== Exercise instructions ==
An exact repeat is needed of the lines from the one with "Klo WC Toilette" through the last line of the data below. Please omit the pictures.

== Information shown ==
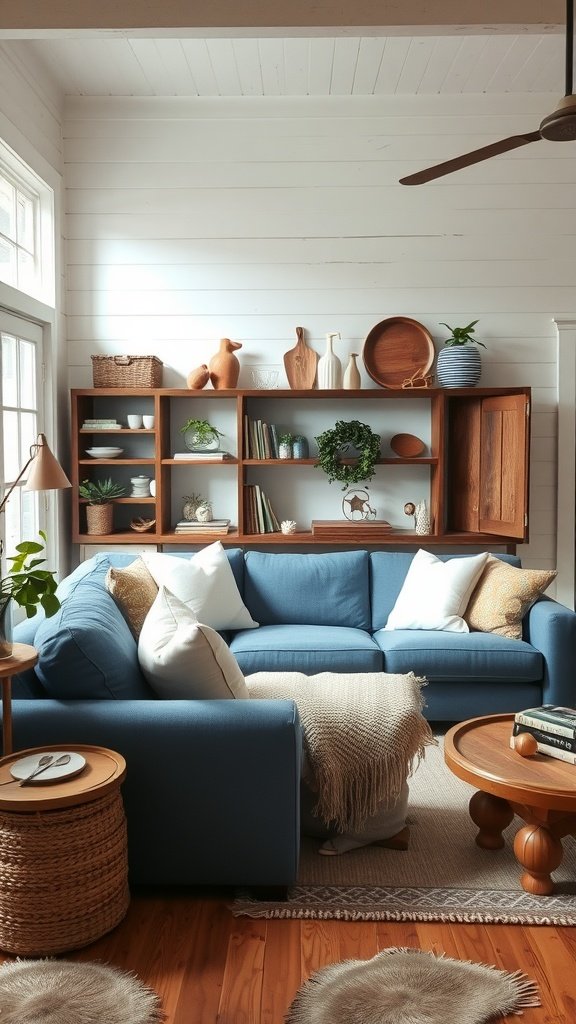 A cozy farmhouse living room with a blue sofa, wooden accents, and decorative plants.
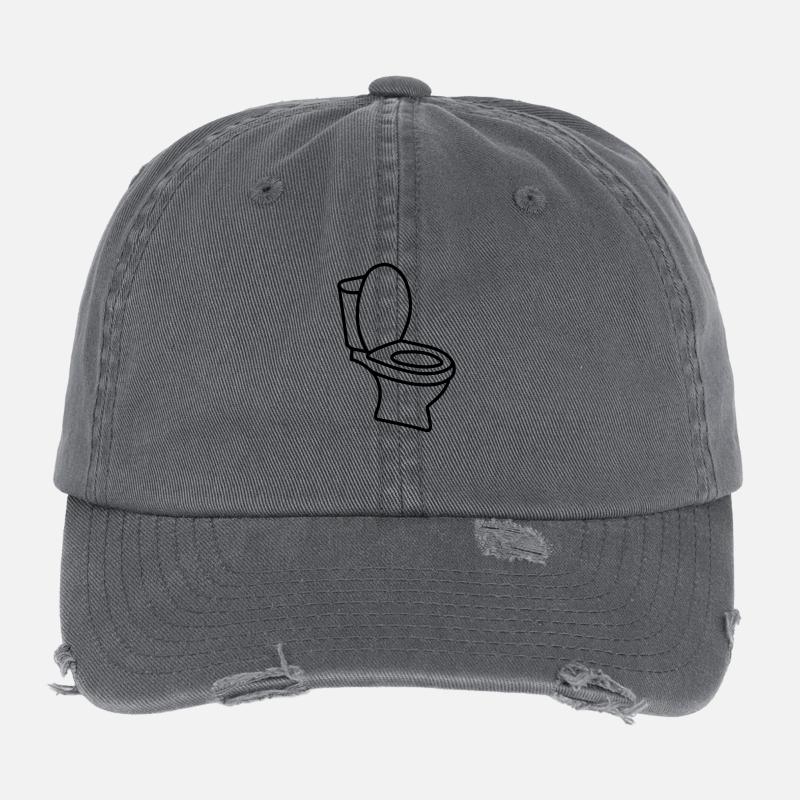 Klo WC Toilette Flexfit Vintage Destroyed Cap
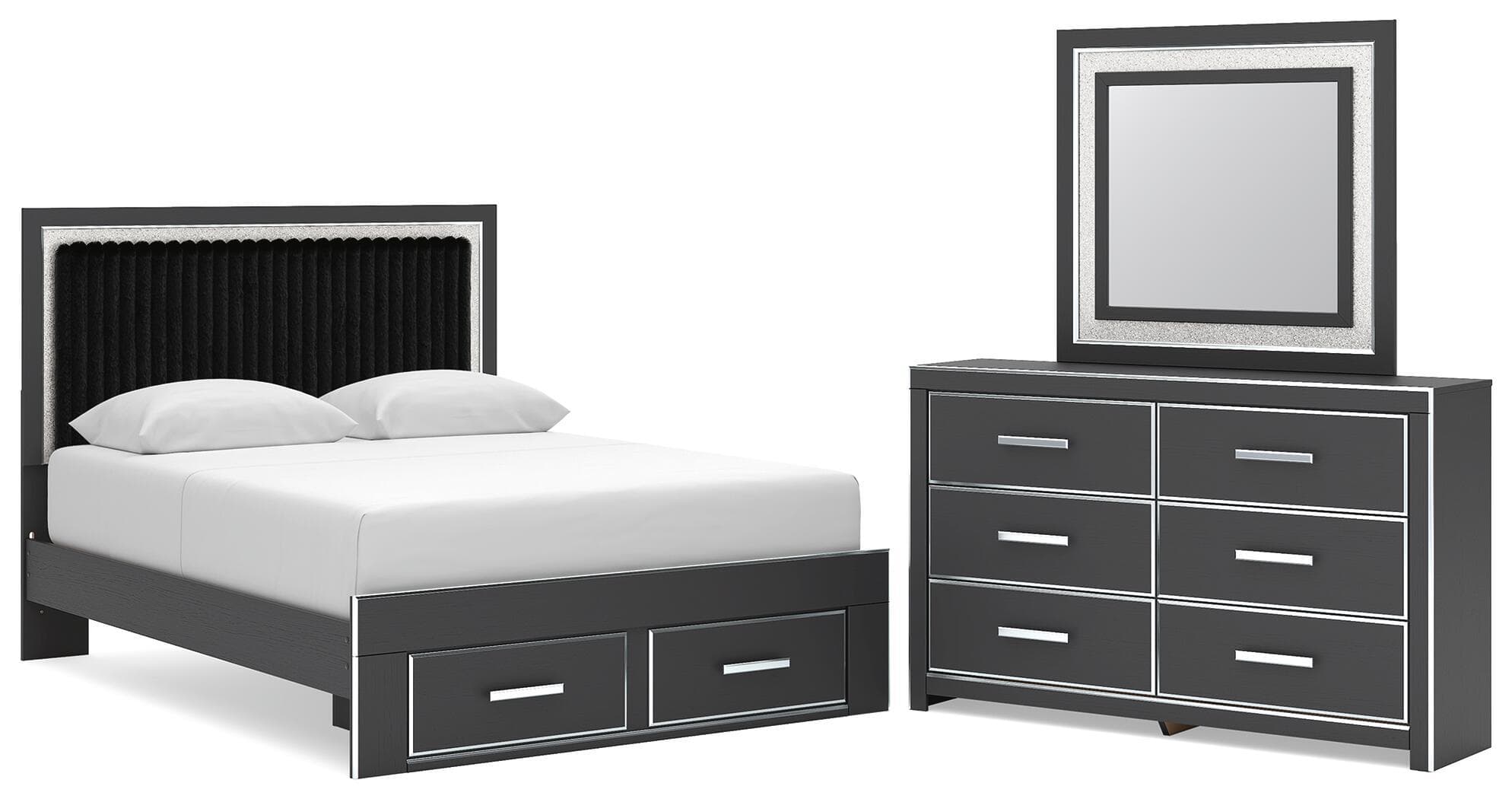 Zuraleus - 3 Pc. - Queen Upholstered Panel Platform Storage Bed, Dresser And Mirror - Black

== Worked solution ==
 Klo WC Toilette Flexfit Vintage Destroyed Cap
 Zuraleus - 3 Pc. - Queen Upholstered Panel Platform Storage Bed, Dresser And Mirror - Black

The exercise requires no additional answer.